De redenen die hiervoor worden gegeven vormen ook deel van een propagandacampagne om de onwillige bondgenoten te overtuigen van de noodzaak van zo’n aanval. Karel Koster onderneemt hier een poging om de propaganda te scheiden van de rationale achter de Amerikaanse aanvalsplannen en zal kort de Iraakse tegenstrategie bekijken. Daarna volgt een opsomming van de mogelijke gevolgen van een oorlog.
Amerikaanse oorlogsdoelen
De basis voor het Amerikaanse beleid wordt gevormd door een tweetal toespraken van President Bush, de State of the Union in januari waarin hij een Axis of Evil definieerde (Irak, Iran en Noord-Korea), plus zijn toespraak in West Point op 1 juni, waarin hij verklaarde dat vanaf nu pre-emptive war (preventieve oorlogsvoering) Amerikaans beleid was. Preventie wil zeggen dat de VS het als haar goed recht beschouwen, om een staat waar ook ter wereld aan te vallen, als die staat voor de VS een bedreiging vormt.

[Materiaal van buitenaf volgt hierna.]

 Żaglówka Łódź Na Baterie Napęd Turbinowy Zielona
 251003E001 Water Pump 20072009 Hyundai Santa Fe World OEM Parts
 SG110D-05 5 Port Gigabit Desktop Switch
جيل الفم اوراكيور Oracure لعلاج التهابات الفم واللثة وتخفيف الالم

Daarnaast moet ook nog genoemd worden de Nuclear Posture Review, het dit voorjaar deels uitgelekte document over de Amerikaanse nucleaire doctrine: daarin wordt expliciet de mogelijkheid opengehouden om zelf als eerste met kernwapens aan te vallen.

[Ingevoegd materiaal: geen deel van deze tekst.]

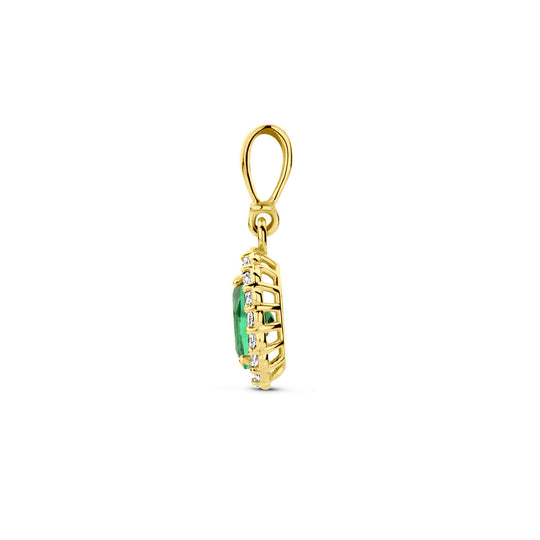 14K Geelgouden Hanger met Mei Geboortesteen Zirkonia – 16mm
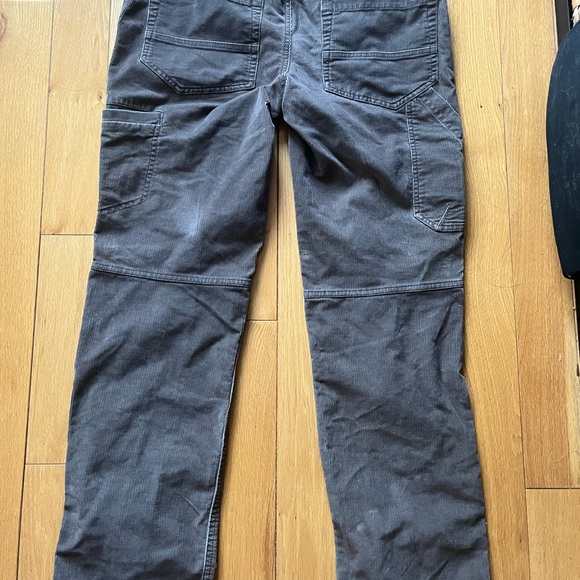 LL Bean Cargo Corduroy Pants Men’s Gray 32x34 - Picture 14 of 16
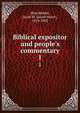 Biblical expositor and people's commentary, Hirschfelder, Jacob M. (Jacob Maier), 1819-1902 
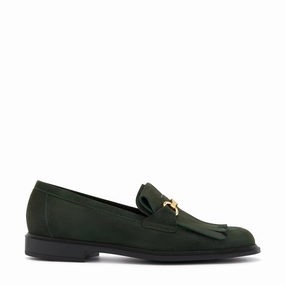 Tassel Keeper Odor Resistant Vend?me Lave dark green suede loafers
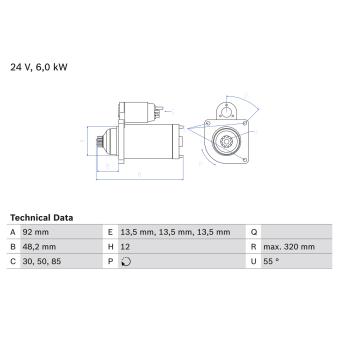 Démarreur BOSCH [0 986 025 900]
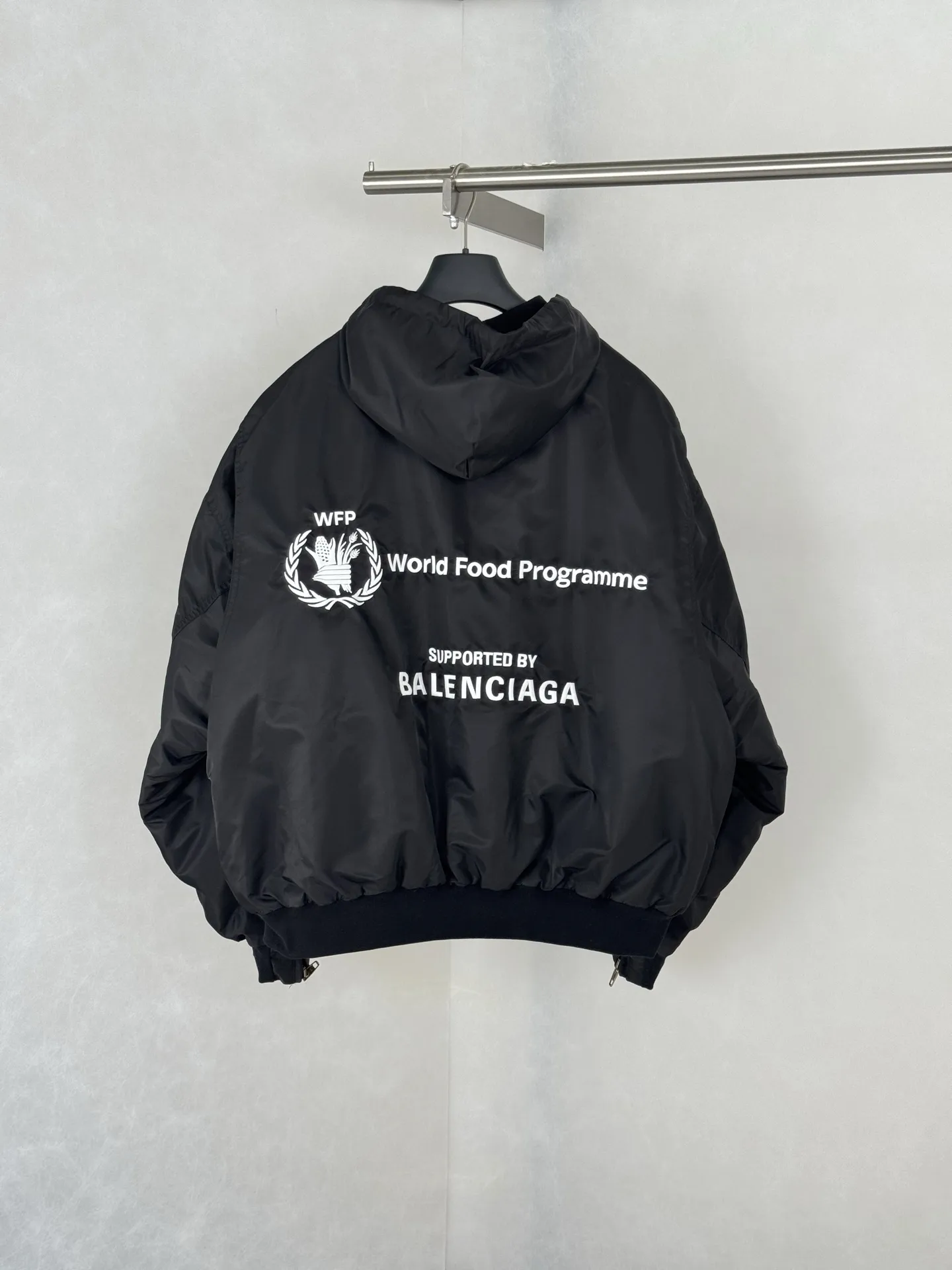 WFP Embroidered Hooded Bomber Jacket D46019955 — view 2
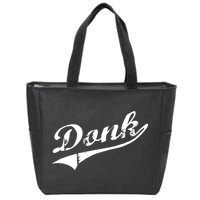 Donk Poker Player Retro Distressed Style Zip Tote Bag
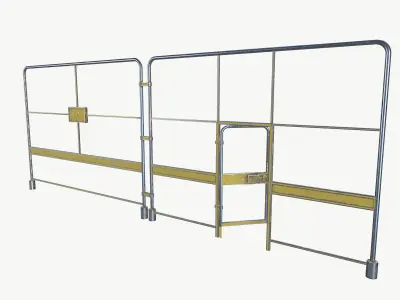 Metal Fence 3D model buy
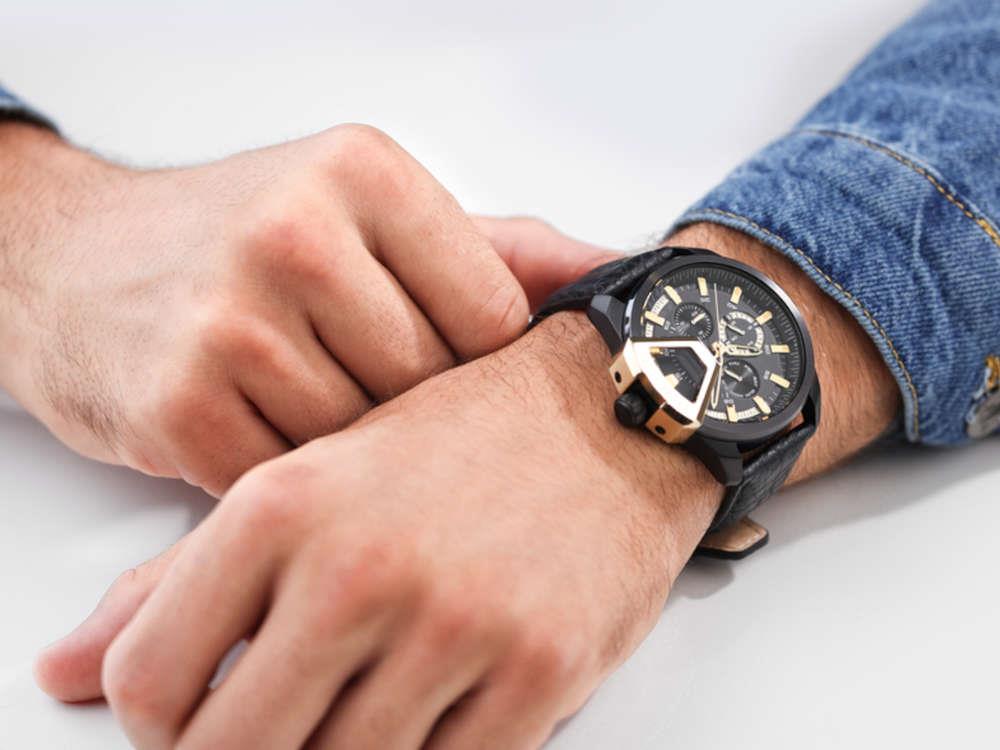 Reloj de Cuarzo Police Underlined, PVD, 46 mm, Negro, PEWJF0005704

De belangen van de VS, die in de ogen van de rechtervleugel van de Amerikaanse regering op het spel staan, zijn ruwweg te verdelen in een drietal categorieën: ideologische, materiële en geopolitieke. Bovendien speelt het al door President Eisenhower gesignaleerde militair-industrieel complex een belangrijke stuwende rol. Elke oorlog is zinvol voor deze lobby. De ideologische oorlog van de VS heeft twee componenten. Ten eerste de oorlog tegen het terrorisme, gebaseerd op de noodzaak van de VS om zich te beschermen tegen de opdrachtgevers van de aanslagen van 11 september. Ten tweede de culturele oorlog tegen een deel van de islam, dat zich tegen de Westerse krachten van globalisering keert.

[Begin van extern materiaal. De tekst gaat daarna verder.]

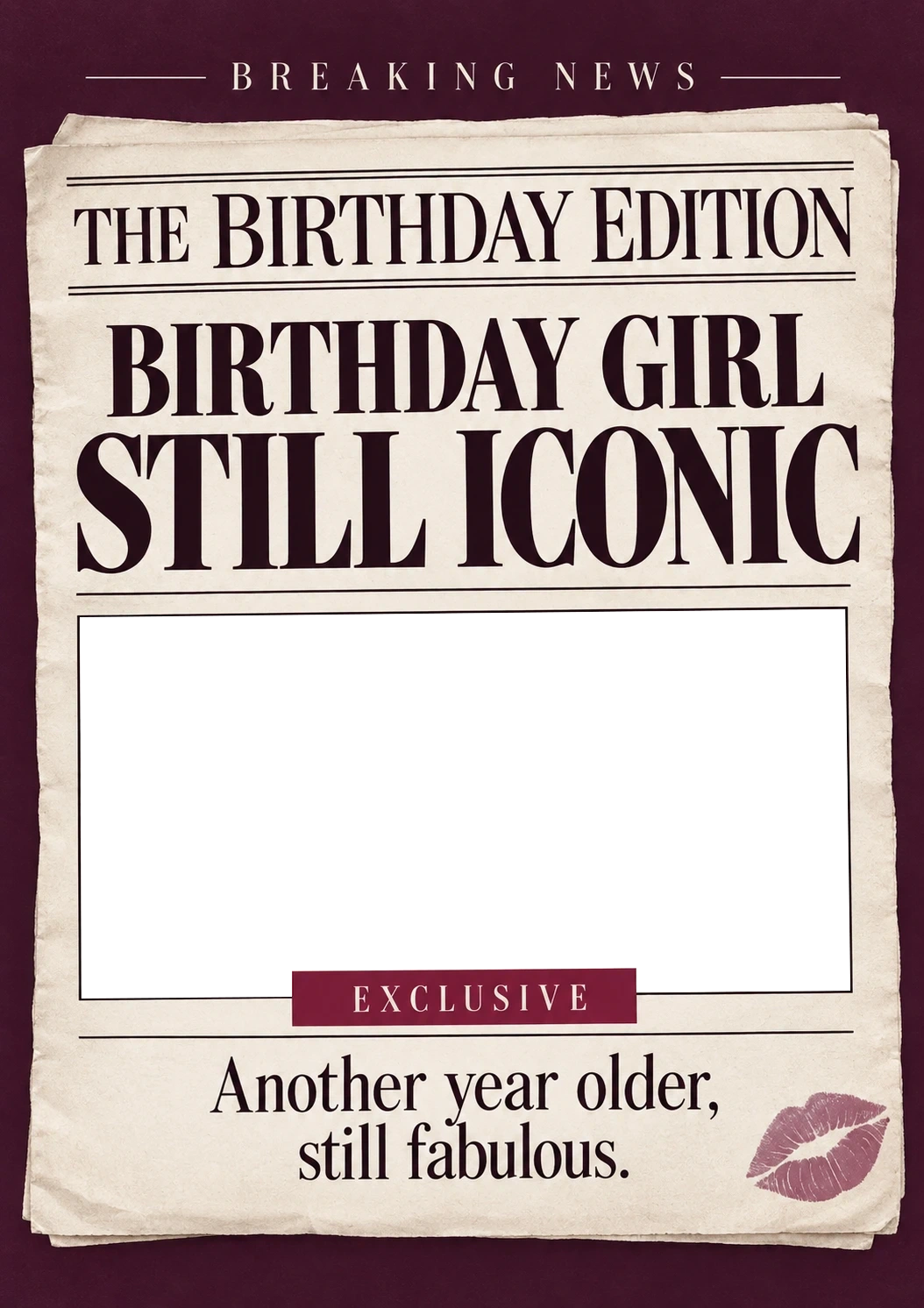 Birthdays - Personalised Card — with punch holes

De oorlog tegen het terrorisme dient als legitimatie voor een groot aantal Amerikaanse beleidsstappen, zowel in binnen- als buitenland. De oorlog werd ingezet als Amerikaanse reactie op de aanslagen van 11 september en had als doel het opsporen en vernietigen van het Al Qaeda-netwerk. Hoewel dit vaak als een gecentraliseerde organisatie wordt afgeschilderd, lijkt het eerder op een los verband van individuen en organisaties die elkaar op ad hoc basis ondersteunen met financiële middelen, onderdak en opleidingen.
Een centraal element van dit netwerk (waaronder een aantal opleidingskampen) was gebaseerd in Afghanistan, beschermd door het streng-islamitische Taliban-regime. De verwevenheid van de twee organisaties verschafte de VS een excuus om Afghanistan binnen te vallen, met als verklaard doel het vernietigen van de Al Qaeda-infrastructuur in dat land en het oppakken, dan wel doden van de leiding.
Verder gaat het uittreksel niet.